* REQUIREMENT
Copy out lines with the word "Gold" from the material that follows.

* DATA EXTRACT
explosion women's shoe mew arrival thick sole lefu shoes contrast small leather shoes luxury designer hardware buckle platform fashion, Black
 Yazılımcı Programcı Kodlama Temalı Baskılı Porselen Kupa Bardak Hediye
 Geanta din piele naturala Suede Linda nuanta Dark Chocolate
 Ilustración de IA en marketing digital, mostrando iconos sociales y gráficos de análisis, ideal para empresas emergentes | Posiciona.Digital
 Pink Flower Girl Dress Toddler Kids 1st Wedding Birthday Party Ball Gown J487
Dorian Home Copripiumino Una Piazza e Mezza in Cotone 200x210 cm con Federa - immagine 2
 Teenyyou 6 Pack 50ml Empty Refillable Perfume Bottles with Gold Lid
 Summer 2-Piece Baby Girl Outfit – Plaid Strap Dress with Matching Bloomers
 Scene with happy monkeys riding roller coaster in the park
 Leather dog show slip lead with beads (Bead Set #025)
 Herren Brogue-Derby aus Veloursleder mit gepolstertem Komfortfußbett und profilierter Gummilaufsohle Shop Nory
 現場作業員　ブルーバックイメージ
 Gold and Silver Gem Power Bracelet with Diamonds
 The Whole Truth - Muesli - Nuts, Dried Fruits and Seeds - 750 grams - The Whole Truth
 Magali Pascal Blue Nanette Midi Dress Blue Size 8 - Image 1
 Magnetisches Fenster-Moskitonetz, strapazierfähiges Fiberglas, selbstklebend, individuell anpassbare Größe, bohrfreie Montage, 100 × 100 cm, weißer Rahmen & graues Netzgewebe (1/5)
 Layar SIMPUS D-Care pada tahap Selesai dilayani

* THE COMPLETED TASK
 Teenyyou 6 Pack 50ml Empty Refillable Perfume Bottles with Gold Lid
 Gold and Silver Gem Power Bracelet with Diamonds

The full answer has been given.